Le deuxième point sur lequel l'Occident doit insister est la question des mariages mixtes. Je ne suis pas opposé aux mariages mixtes entre musulmans et non-musulmans. Mais nous devons savoir que la situation actuelle est discriminatoire. Les hommes musulmans épousent des femmes non-musulmanes mais ils refusent que les femmes musulmanes épousent des hommes non-musulmans. Ces derniers sont obligés de se convertir à islam avant de se marie. D'autre part, les enfants issus de ces mariages mixtes sont toujours musulmans, et ils n'ont aucune possibilité de changer leur religion. Par conséquent, je propose que l'état impose un contrat de mariage dans lequel les deux partenaires s'engagent à respecter la loi du pays où ils vivent. Toute contrainte à la conversion pour pouvoir conclure un mariage mixte doit être sévèrement punie.
Il me faut enfin mettre en garde contre le dialogue inter-religieux s'il n'est pas fondé sur la franchise et le devoir de respect des droits de l'homme. Les Églises chrétiennes rendent un mauvais service à leurs adeptes et aux musulmans en adoptant un discours flatteur et en soutenant les revendications des musulmans sans tenir compte des arrière-pensées et des conséquences. Très souvent ce dialogue ne sert qu'à voyager et bien manger. Il me suffit ici de signaler que les décennies de dialogue inter-religieux initié par les Églises avec les musulmans n'ont même pas réussi à mettre un terme à l'abus des musulmans qui se permettent d'épouser des femmes non-musulmanes mais interdisent catégoriquement le mariage des non-musulmans avec des femmes musulmanes.
Si les pays occidentaux doivent prendre des précautions face aux musulmans pour éviter l'implosion de leurs systèmes démocratiques et la désintégration de leurs territoires, ils doivent aussi adopter une attitude de justice dans leurs relations internationales. Malheureusement, la partialité occidentale a des conséquences préjudiciables non seulement sur les relations entre les minorités musulmanes et les pays occidentaux, mais aussi sur les relations entre les minorités non-musulmanes et les États musulmans. Qu'on me permette ici de rappeler que la création d'Israël par l'Occident a provoqué une régression de la pensée libérale à l'intérieur des pays arabo-islamiques. Plus la situation injuste du Moyen Orient se perpétue, plus difficile sera la solution du dilemme religieux islamique. "La paix sera le fruit de justice" (Isaïe 32: 17), et la barbarie est le fruit de l'injustice.
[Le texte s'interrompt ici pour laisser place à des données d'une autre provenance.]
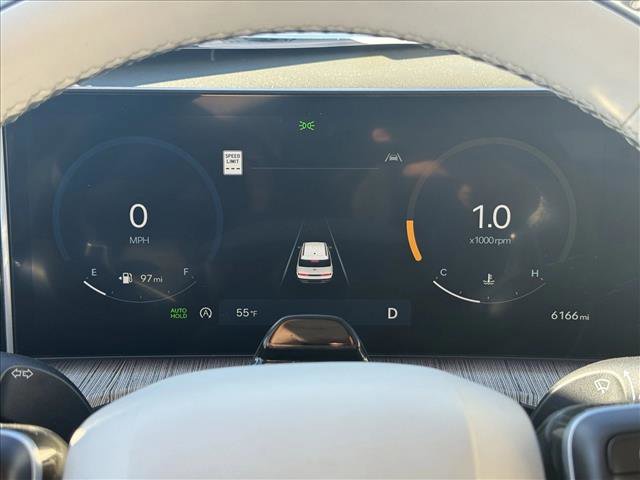 Certified 2025 Hyundai Santa Fe Calligraphy image 11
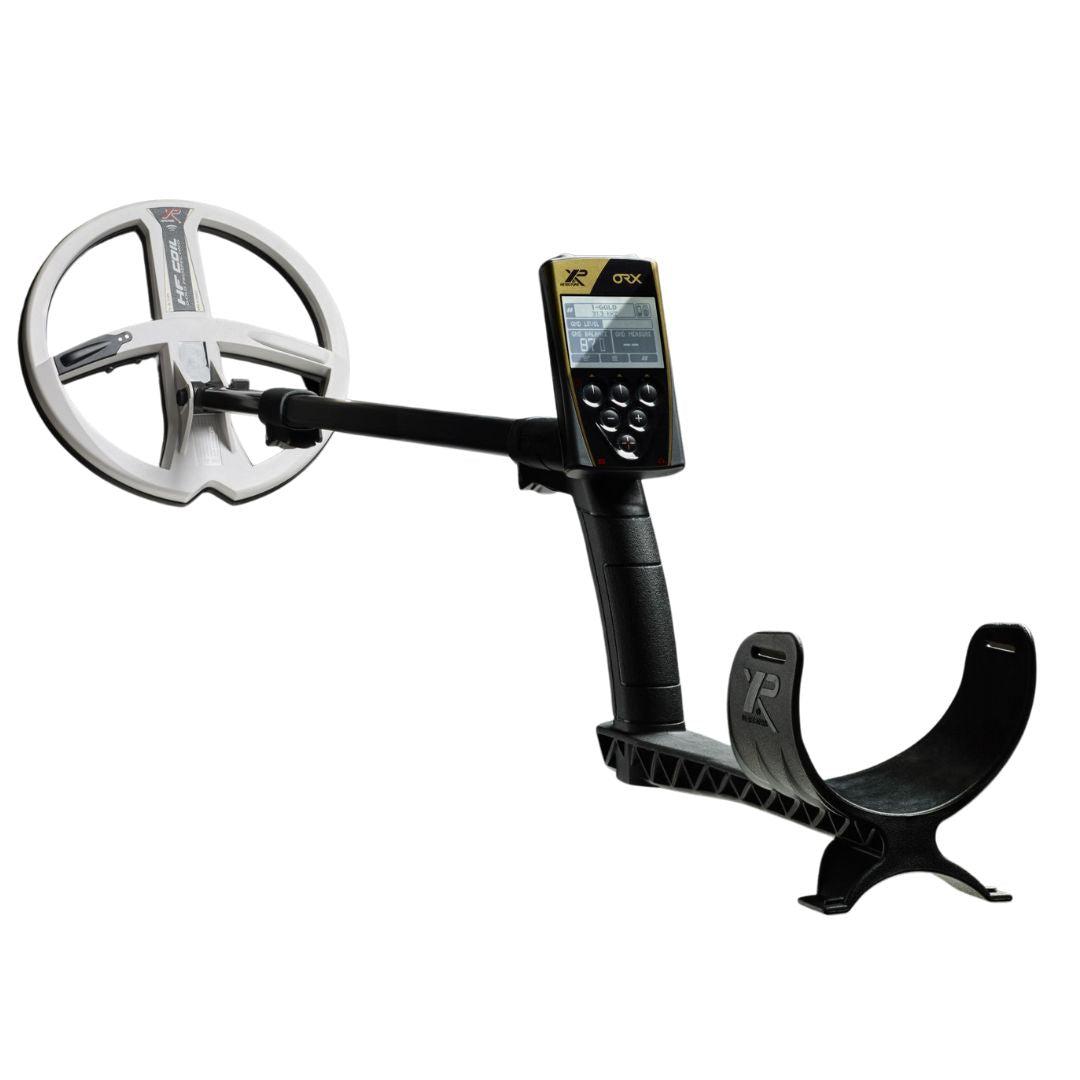 XP ORX Metal Detector 9" Round HF Coil-Destination Gold Detectors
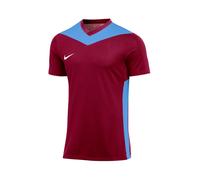 NIKE Unisex Kids Top Y Nk DF Prk Drb IV JSY SS, Team Red/University Blue/White, FD7438-677, M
Personne ne peut avoir la paix et l'injustice en même temps. Le Monde est de plus en plus exposé au fanatisme et au terrorisme, mais ces fléaux sociaux ont besoin de la justice pour qu'ils soient guéris. Chacun de nous doit examiner sa conscience dans ce domaine et reconnaître ses erreurs. C'est le temps pour se repentir avant que cela en soit trop en retard. Et nous avons tous à nous repentir et réparer. Que Ben Laden soit mort ou pas dans les montagnes d'Afghanistan, il est toujours vivant dans chacun de nous, même à l'intérieur de M. Bush et M. Blair. Le plus nous oublions cette réalité, le moins nous pouvons mettre fin aux problèmes dont nous souffrons.